━━ Records shown ━━
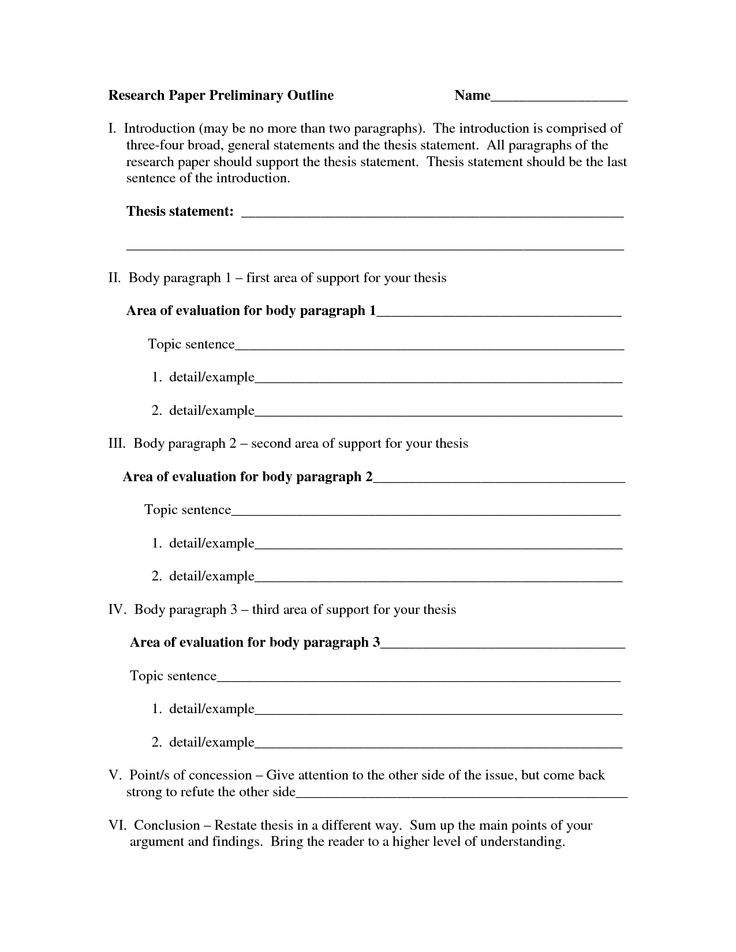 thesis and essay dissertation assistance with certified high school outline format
━━━
━━ Records shown ━━
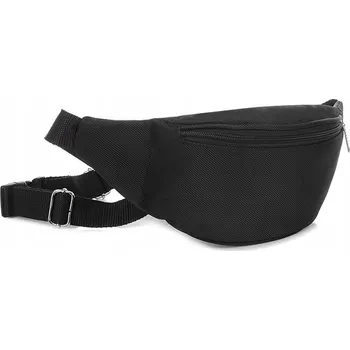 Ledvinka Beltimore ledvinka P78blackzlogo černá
━━━
━━ Records shown ━━
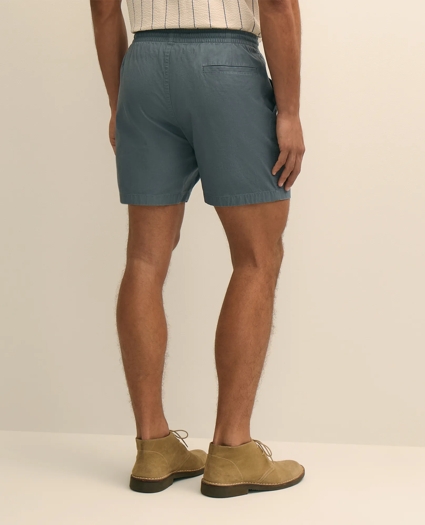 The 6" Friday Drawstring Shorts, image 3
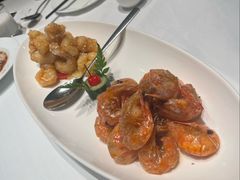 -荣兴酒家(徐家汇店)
━━━
> [Aim of the exercise]:
Print everything from the line with "Shorts, image 3" down to the line with "-荣兴酒家(徐家汇店)" in the entries above, both lines included and nothing more, without the pictures.

> [Your response]:
 The 6" Friday Drawstring Shorts, image 3
 -荣兴酒家(徐家汇店)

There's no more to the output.